In the listing below, pick out lines with "Safety".

(SOURCE DATA Opens)

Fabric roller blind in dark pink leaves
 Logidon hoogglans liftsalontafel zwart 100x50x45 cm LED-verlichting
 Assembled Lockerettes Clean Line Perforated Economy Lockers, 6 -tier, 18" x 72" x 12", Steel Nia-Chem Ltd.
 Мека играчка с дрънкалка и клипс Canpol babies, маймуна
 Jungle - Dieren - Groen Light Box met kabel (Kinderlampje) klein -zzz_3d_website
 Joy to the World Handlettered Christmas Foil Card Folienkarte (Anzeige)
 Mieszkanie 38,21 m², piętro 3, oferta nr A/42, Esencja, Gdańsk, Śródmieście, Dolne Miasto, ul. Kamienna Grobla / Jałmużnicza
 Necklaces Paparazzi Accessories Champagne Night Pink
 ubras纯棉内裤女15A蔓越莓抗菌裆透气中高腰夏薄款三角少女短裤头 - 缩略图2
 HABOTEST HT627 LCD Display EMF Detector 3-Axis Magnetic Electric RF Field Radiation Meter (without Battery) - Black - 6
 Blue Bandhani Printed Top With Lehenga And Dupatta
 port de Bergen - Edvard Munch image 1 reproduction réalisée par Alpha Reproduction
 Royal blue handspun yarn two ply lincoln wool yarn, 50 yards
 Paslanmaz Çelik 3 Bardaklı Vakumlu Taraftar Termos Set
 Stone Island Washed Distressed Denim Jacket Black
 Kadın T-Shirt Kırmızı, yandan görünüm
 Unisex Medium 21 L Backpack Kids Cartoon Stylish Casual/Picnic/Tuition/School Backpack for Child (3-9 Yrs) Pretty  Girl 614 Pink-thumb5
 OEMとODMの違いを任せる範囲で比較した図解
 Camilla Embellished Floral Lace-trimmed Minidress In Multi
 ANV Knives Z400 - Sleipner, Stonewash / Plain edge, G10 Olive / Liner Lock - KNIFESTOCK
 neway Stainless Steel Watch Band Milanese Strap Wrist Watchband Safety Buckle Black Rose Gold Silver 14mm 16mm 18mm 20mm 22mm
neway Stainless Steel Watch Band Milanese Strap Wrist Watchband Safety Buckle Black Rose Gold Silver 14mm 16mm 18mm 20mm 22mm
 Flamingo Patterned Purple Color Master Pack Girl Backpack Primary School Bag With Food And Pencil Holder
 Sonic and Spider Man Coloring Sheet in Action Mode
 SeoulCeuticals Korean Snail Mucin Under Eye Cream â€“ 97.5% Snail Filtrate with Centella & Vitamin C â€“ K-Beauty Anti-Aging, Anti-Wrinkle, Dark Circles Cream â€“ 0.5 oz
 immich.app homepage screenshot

(SOURCE DATA Closes)

_OUTPUT FOR THIS TASK_
 neway Stainless Steel Watch Band Milanese Strap Wrist Watchband Safety Buckle Black Rose Gold Silver 14mm 16mm 18mm 20mm 22mm
neway Stainless Steel Watch Band Milanese Strap Wrist Watchband Safety Buckle Black Rose Gold Silver 14mm 16mm 18mm 20mm 22mm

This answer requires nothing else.